§ Task objective:
Gather the lines from the material that contain "Wood".
[[ Extracted information open ]]
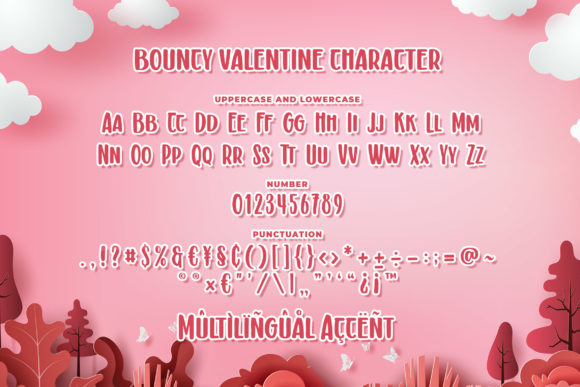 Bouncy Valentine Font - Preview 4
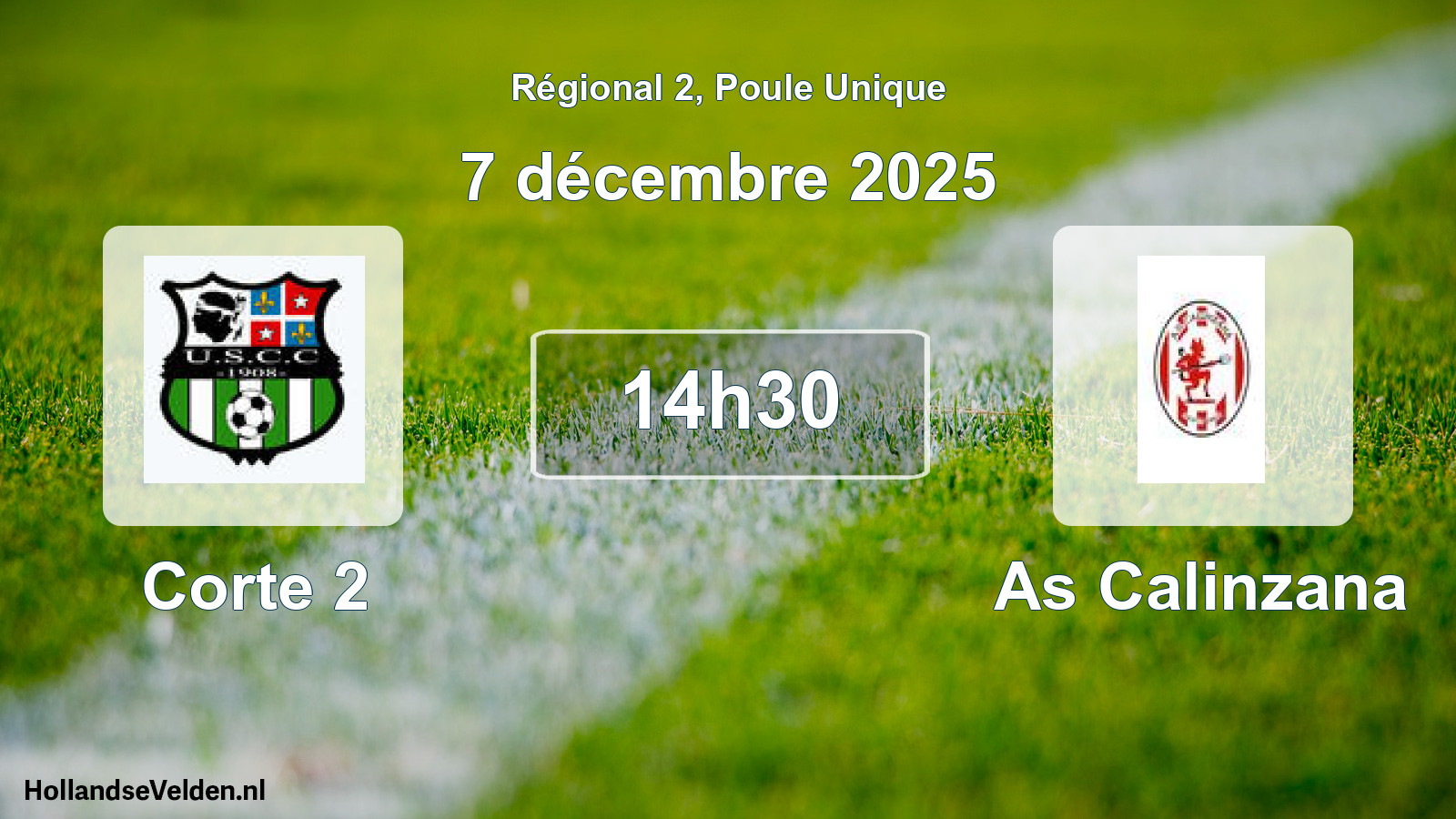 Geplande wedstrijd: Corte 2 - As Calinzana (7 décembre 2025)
[[ Extracted information closed ]]
[[ Extracted information open ]]
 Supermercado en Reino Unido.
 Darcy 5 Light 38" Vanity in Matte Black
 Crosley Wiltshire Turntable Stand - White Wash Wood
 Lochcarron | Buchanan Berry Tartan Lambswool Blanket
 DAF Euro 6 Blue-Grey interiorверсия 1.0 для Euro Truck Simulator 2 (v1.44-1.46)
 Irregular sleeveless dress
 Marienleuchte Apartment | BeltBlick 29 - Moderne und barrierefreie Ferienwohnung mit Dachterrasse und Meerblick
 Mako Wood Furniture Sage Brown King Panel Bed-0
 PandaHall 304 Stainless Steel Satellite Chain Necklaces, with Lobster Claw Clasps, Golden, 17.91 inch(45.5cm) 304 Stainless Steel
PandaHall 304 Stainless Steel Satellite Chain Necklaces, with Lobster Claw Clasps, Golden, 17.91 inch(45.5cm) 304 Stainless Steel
[[ Extracted information closed ]]
§ Expected answer:
 Crosley Wiltshire Turntable Stand - White Wash Wood
 Mako Wood Furniture Sage Brown King Panel Bed-0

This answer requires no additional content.